Opened 5 years ago

Last modified 5 years ago

#3380 assigned enhancement

Read compressed cif files

Reported by: lpravda@… Owned by: Eric Pettersen
Priority: moderate Milestone:
Component: Input/Output Version:
Keywords: Cc: Greg Couch, Tom Goddard
Blocked By: Blocking:
Notify when closed: Platform: all
Project: ChimeraX

Description

I was wondering if it would be possible to add option for chimerax to read gzipped mmcif files. It would make our life a bit easier.

Change History (16)

comment:1 by Greg Couch, 5 years ago

Cc: Eric Pettersen added
Status: assignedaccepted

This was always intended to work. And may have worked at one time, but it has been broken for a while. It will slow down reading those files, since they will need to be decompressed first. If it is an option, you should have better performance if you use a compressing filesystem, like ZFS, instead of compressing the files yourself.

comment:2 by Eric Pettersen, 5 years ago

It's because mmcif.mmcif.open_mmcif() expects a path name argument and not a stream, and therefore mmcif's bundle_info.xml declares "want_path=true", which precludes it being passed a stream from gzip.open(). The pdb module handles both paths and streams, but does some pretty ugly things in the C++ layer to handle the stream.

comment:3 by Eric Pettersen, 5 years ago

The simple dumb solution would be for mmcif.mmcif.open_mmcif() to read the entire stream, write a temporary file with the contents, and then call the C++ layer with the path to the temporary file.

comment:4 by Greg Couch, 5 years ago

It would be nice to do this generically for every reader that declares "want_path=true". There was code in the previous core.io package that did that in open_data().
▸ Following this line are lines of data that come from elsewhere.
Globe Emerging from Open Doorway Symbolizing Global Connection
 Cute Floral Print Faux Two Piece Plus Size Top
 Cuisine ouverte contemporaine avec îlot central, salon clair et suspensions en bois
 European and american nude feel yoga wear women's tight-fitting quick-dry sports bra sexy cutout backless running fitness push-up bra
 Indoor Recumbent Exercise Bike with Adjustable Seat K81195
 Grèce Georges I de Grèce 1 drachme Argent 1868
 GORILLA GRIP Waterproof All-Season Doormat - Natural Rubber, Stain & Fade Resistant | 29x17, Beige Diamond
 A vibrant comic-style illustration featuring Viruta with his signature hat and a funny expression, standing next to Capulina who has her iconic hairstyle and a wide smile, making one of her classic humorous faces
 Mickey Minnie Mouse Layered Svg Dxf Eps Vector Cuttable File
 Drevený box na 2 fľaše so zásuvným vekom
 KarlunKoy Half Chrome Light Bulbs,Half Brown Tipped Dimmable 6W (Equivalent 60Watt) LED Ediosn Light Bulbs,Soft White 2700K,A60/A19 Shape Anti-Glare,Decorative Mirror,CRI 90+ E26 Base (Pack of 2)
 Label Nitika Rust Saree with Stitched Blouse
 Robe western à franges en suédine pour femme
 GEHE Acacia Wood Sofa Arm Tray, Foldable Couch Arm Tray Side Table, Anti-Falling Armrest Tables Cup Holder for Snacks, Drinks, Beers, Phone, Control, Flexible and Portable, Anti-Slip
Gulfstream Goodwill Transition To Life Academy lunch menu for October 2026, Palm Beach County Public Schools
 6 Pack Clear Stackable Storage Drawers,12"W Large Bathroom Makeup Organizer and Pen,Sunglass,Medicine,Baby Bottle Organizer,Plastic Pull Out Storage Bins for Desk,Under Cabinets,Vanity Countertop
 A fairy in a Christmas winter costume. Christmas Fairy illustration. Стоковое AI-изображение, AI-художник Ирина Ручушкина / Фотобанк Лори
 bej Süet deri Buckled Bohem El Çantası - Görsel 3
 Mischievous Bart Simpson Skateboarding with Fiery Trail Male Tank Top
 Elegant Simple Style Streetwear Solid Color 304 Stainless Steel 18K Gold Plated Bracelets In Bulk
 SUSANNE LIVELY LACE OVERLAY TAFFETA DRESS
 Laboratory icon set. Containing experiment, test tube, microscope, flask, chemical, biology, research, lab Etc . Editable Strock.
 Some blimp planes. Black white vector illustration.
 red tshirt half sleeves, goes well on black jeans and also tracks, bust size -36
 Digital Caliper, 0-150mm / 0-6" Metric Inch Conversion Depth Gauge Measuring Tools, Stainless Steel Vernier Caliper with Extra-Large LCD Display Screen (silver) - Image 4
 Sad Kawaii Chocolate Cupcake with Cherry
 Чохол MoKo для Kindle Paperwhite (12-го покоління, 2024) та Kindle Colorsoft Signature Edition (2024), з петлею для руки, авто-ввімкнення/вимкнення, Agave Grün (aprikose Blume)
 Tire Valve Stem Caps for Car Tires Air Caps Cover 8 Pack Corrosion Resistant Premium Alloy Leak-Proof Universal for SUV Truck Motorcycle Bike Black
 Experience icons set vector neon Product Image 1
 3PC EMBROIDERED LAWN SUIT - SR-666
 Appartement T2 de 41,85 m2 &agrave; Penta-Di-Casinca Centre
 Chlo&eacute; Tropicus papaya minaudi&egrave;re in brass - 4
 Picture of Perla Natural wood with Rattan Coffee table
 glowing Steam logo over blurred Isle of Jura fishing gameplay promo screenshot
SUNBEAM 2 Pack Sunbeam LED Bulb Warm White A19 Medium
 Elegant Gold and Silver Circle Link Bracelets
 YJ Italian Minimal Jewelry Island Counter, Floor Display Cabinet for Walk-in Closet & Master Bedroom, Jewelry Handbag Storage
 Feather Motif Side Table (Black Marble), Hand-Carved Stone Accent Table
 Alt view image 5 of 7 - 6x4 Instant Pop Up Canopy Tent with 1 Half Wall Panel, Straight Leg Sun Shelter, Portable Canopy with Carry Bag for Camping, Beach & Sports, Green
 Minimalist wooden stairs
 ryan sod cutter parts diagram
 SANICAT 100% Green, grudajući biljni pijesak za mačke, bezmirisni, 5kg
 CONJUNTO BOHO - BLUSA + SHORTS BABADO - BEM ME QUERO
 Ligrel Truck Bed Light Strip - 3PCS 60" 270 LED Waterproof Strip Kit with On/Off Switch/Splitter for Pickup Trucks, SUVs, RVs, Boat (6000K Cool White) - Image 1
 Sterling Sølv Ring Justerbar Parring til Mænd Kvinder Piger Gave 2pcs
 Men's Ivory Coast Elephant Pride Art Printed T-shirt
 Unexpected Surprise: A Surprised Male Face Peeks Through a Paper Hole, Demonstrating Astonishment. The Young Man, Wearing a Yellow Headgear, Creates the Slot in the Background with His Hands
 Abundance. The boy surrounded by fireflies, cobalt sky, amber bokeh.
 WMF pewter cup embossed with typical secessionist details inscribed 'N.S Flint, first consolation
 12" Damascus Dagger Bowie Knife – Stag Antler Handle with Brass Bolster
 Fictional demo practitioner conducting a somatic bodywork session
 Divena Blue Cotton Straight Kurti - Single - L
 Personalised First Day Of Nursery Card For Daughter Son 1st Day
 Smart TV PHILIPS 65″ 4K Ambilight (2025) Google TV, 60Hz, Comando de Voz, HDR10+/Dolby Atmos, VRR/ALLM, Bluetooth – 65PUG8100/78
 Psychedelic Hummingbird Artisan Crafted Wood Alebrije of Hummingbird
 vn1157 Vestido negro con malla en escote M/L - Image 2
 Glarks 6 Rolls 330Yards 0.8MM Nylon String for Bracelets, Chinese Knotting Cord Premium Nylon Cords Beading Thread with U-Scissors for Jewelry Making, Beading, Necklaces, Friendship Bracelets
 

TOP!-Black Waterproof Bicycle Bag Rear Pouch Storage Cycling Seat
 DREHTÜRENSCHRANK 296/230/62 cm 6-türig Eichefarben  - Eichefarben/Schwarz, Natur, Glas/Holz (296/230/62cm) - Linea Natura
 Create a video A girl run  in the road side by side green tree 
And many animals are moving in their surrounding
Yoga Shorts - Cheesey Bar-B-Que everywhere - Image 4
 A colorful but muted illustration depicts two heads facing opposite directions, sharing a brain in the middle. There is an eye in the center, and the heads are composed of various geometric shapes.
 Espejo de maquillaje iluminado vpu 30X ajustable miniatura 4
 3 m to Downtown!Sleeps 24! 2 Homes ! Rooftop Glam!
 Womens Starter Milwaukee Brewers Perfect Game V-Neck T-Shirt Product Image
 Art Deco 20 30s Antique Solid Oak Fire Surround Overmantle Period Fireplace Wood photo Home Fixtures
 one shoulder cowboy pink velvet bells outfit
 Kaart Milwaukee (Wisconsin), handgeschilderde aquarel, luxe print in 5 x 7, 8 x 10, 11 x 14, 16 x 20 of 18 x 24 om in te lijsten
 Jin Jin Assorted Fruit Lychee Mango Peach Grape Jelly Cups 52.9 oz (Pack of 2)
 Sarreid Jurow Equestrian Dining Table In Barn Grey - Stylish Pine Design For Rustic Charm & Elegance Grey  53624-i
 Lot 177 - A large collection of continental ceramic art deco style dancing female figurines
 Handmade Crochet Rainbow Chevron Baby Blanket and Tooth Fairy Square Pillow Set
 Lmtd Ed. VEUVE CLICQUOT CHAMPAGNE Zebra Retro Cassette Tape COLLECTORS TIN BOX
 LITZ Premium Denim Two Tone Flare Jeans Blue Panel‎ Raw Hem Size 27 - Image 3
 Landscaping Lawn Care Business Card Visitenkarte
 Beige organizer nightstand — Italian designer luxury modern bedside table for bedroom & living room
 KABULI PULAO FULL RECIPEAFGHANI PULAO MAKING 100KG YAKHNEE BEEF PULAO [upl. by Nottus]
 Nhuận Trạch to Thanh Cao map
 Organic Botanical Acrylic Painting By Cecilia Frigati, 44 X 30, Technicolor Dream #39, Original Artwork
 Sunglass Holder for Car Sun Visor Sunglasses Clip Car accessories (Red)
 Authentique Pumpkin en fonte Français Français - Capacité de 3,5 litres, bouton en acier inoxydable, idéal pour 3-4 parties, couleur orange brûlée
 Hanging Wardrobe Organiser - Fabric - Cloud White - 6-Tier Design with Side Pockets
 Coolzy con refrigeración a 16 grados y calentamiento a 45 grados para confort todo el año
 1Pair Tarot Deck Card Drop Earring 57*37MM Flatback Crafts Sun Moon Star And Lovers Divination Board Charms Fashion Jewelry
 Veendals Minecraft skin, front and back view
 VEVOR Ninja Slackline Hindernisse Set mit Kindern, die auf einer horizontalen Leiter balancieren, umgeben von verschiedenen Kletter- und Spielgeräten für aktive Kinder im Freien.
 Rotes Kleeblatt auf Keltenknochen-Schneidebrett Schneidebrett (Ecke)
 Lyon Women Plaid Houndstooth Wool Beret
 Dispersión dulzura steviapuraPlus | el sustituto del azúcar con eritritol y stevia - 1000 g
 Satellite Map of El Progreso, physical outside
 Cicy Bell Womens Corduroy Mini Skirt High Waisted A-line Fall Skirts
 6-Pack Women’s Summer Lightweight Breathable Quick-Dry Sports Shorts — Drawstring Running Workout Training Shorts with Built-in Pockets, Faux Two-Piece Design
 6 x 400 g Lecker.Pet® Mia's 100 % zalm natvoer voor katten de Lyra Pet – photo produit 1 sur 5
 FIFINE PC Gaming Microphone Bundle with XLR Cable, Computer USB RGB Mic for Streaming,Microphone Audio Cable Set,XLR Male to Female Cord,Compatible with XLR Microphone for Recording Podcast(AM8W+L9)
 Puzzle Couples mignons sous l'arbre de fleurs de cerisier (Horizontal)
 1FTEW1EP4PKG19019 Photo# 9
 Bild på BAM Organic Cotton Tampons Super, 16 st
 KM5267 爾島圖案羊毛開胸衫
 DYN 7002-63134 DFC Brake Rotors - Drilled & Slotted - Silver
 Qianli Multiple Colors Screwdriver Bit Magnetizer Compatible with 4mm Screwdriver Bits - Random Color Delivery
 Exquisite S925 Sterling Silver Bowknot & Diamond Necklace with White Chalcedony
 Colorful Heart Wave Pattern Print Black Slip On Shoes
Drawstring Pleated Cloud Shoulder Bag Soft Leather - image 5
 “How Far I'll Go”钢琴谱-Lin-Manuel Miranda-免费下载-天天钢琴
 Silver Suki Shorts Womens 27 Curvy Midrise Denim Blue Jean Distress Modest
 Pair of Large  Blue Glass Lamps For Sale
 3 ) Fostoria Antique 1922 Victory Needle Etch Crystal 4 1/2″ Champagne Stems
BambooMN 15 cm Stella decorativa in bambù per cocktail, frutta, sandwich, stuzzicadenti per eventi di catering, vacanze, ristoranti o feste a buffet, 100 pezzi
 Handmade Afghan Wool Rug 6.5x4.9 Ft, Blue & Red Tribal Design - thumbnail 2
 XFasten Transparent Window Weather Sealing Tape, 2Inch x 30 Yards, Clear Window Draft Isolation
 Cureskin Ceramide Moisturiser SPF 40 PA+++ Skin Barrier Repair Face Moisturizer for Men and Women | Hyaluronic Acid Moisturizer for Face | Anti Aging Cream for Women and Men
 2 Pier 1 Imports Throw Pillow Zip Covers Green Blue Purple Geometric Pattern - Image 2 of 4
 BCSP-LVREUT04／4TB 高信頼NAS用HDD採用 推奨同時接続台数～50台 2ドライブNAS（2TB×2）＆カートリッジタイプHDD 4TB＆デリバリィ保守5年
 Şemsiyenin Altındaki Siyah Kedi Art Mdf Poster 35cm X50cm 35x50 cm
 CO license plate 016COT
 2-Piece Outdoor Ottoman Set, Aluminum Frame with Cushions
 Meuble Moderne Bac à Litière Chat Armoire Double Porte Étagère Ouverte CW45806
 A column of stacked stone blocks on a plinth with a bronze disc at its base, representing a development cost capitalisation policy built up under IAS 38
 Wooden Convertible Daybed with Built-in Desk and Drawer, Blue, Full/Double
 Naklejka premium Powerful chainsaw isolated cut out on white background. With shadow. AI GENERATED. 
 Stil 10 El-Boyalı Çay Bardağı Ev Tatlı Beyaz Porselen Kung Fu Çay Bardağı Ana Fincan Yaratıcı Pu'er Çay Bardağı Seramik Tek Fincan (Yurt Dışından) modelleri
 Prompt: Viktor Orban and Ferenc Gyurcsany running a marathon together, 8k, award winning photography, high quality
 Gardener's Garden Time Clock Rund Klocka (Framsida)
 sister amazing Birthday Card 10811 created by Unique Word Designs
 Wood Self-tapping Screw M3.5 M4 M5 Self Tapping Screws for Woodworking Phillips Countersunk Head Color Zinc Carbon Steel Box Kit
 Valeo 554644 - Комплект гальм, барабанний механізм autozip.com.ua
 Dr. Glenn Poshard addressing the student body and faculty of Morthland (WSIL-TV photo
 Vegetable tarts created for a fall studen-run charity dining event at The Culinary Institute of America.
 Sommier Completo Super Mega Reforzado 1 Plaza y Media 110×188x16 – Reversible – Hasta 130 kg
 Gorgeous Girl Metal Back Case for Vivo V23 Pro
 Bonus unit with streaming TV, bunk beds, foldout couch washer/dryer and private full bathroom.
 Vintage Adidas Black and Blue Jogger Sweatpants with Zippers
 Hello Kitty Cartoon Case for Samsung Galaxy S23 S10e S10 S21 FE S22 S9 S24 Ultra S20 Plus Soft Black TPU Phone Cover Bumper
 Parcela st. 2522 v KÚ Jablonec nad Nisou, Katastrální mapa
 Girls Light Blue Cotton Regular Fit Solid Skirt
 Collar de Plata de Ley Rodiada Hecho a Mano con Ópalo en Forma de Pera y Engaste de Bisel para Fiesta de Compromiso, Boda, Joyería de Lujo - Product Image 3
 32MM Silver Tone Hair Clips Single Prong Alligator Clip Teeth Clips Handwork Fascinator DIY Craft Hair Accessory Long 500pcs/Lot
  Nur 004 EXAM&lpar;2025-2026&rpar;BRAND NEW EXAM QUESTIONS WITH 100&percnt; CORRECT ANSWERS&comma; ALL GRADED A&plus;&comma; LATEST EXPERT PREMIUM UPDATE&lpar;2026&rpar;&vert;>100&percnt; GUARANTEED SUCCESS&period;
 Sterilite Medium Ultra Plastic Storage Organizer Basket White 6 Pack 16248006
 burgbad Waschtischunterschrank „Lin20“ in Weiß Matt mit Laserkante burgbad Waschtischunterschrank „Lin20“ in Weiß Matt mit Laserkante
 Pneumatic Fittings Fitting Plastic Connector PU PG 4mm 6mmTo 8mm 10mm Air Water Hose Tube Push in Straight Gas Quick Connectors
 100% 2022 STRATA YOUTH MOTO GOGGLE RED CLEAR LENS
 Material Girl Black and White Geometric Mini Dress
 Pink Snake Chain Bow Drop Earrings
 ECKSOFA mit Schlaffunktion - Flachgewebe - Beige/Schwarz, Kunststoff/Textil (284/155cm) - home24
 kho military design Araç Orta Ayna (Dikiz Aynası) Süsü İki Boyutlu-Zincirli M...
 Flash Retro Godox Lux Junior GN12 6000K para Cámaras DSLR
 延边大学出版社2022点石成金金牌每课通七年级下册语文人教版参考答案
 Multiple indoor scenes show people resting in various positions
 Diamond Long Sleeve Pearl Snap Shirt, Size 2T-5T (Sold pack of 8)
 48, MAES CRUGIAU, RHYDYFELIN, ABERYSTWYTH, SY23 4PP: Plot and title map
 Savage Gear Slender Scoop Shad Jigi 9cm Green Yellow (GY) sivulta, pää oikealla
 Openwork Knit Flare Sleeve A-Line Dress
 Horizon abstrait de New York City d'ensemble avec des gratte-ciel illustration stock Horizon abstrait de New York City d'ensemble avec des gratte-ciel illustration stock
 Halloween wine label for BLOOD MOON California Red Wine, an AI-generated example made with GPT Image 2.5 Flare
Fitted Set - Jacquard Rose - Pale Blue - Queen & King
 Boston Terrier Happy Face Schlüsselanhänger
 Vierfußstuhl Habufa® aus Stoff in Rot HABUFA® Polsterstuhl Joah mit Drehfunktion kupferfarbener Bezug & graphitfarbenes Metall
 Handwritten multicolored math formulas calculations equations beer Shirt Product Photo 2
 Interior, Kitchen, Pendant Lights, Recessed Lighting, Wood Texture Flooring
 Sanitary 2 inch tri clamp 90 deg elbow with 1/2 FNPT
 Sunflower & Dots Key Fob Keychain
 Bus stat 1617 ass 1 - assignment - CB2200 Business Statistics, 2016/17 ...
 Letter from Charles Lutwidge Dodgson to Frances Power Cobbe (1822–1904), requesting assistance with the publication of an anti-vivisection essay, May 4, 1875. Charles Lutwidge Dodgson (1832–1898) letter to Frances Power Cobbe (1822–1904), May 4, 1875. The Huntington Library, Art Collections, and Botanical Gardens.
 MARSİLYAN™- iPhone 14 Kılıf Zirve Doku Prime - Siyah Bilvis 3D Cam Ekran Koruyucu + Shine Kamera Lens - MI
comment:5 by Eric Pettersen, 5 years ago

Cc: Tom Goddard added

Greg, I think you're mistaken. I tried both a ChimeraX from 1/3/18 and the 0.92 release and neither one could read a .cif.gz file -- the former with a traceback in the mmcif module, and the latter with the message "Cannot read compressed mmCIF files".

When I was implementing the new open/save scheme I thought about automatically generating a temporary file for readers that didn't support streams, but felt that it could lead to mysterious errors where the temp location didn't have enough space -- presumably these files are compressed because disk space is at a premium (though in some cases it could be for network I/O reasons). Also, the performance penalty incurred for writing and reading the (presumably huge) temp file would probably be blamed on ChimeraX, with the user never being aware that using an uncompressed file would be significantly faster -- though I suppose a message could be logged when such temp-file shenanigans occurs.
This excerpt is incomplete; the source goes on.